Business Interruption Insurance
Unfortunately, businesses often sustain commercial property losses that take months to recover from. To safeguard against financial devastation, many entrepreneurs choose to purchase business interruption insurance. This policy can help cover the costs of setting up at a temporary location, help with extra expense costs, and supplement lost income during recovery time.
This insurance is generally offered as part of a business owners’ policy (BOP) package.
Commercial Auto Insurance
While personal auto policies exclude vehicles used for business purposes, the state mandates that a policy must be in place. To meet the state-mandated requirements, your business should purchase commercial auto insurance. This policy pays to repair or replace damaged owned autos, liability claims, lost equipment, and medical expenses.
Commercial auto insurance is generally purchased as a standalone policy. Some carriers can also write it as part of a business owner’s policy (BOP).
Although it's easy (and essential) to invest in business insurance, it should not be your frontline defense. Yes, insurance will compensate for your business' financial losses after an incident occurs, but it's much better to avoid losses altogether.

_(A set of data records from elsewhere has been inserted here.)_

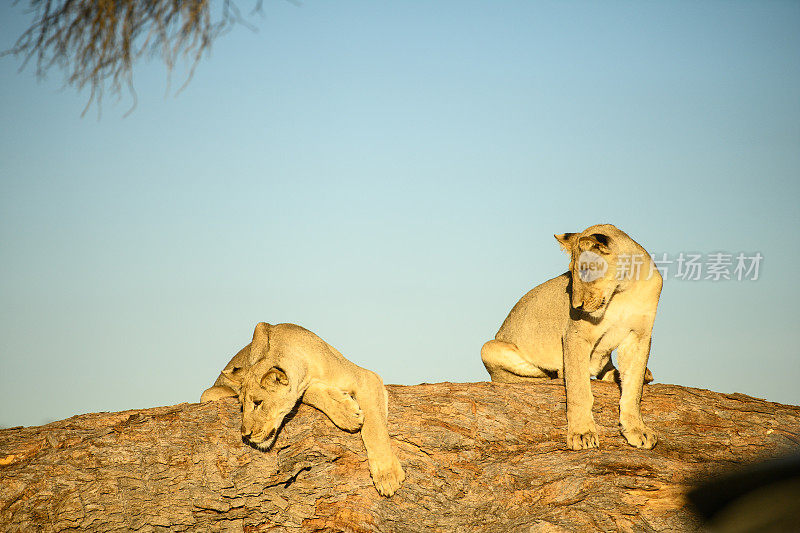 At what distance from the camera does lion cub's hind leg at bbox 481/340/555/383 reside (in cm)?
936

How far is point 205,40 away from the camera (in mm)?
5719

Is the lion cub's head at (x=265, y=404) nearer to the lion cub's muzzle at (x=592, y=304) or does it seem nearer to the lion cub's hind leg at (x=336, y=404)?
the lion cub's hind leg at (x=336, y=404)

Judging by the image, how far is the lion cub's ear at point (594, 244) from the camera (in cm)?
742

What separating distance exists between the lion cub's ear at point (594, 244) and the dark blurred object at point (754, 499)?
8.08ft

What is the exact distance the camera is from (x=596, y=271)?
24.4 feet

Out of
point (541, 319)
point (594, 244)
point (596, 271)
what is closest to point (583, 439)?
point (596, 271)

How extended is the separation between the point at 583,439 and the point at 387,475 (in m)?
2.06

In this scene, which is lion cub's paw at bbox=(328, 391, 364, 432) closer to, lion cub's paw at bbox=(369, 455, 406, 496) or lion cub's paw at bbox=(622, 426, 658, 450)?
lion cub's paw at bbox=(369, 455, 406, 496)

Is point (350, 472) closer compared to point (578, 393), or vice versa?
point (350, 472)

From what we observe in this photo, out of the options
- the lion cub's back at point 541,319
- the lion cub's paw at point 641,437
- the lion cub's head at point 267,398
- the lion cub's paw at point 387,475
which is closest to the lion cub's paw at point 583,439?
the lion cub's paw at point 641,437

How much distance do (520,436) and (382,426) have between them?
1514mm

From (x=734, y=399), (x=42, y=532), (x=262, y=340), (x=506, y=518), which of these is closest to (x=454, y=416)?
(x=506, y=518)

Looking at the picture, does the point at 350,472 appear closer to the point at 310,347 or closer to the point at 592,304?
the point at 310,347

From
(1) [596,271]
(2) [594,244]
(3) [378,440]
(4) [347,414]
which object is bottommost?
(3) [378,440] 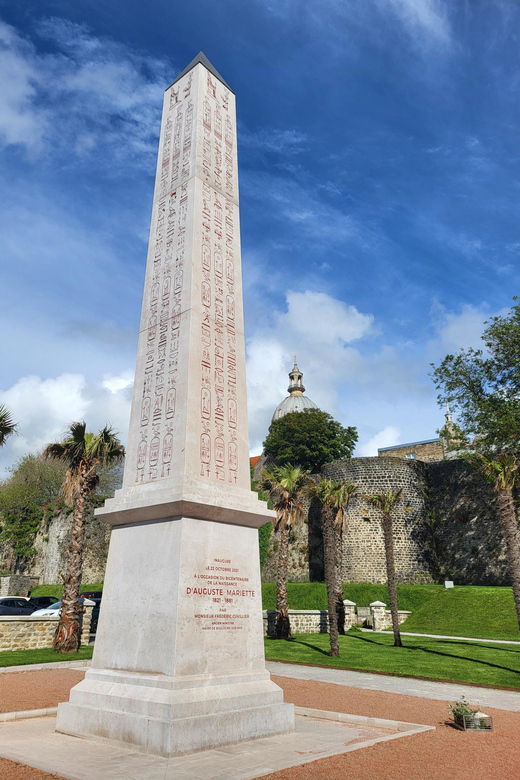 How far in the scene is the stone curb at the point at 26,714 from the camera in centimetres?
769

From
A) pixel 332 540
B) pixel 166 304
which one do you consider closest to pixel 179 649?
pixel 166 304

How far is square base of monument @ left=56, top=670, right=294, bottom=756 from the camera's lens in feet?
17.9

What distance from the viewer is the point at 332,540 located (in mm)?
19750

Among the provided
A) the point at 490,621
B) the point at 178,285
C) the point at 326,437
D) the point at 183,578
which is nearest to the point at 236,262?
the point at 178,285

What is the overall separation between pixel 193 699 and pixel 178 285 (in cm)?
514

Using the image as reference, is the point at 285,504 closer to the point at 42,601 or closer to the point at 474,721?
the point at 42,601

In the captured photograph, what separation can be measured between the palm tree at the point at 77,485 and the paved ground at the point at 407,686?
6267 millimetres

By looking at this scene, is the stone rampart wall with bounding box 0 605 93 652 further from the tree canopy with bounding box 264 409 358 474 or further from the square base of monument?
the tree canopy with bounding box 264 409 358 474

With this in mind, here are three things you can do to better protect your business:
- Use legally robust contracts and other business documents. (We offer free templates for some of the most common legal forms.)
- Set up a limited liability company (LLC) to protect your personal assets. (Refer to our guide for step-by-step instructions on how to form an LLC in your state.)
- Streamline your business' internal processes. This will remove unnecessary variables from common tasks and create a safe, consistent environment for conducting business.
What is included in a business owner’s policy?
A typical business owner's policy includes general liability, business interruption, and property insurance. However, BOPs are often customizable, so your agent may recommend adding professional liability, commercial auto, or other types of coverage to your package depending on your company's needs.
What is the difference between business insurance and general liability insurance?
"Business insurance" is a generic term used to describe many different types of coverage a business may need. General liability insurance, on the other hand, is a specific type of coverage that business owners need to protect their assets.
Do I need insurance before I start a business?
You should invest in coverage for your business before your first interaction with a customer. Although the cost of insurance may seem high for a brand new business, it's best to be proactive when it comes to protecting your assets. After all, you can't buy insurance to cover a loss that has already occurred.
Will insurance protect my business from everything?
Not necessarily. Certain exceptions may be written directly into your policy, and some perils may be entirely uninsurable. Be sure to discuss the scope of your policy in-depth with your agent to avoid being blindsided by holes in your coverage.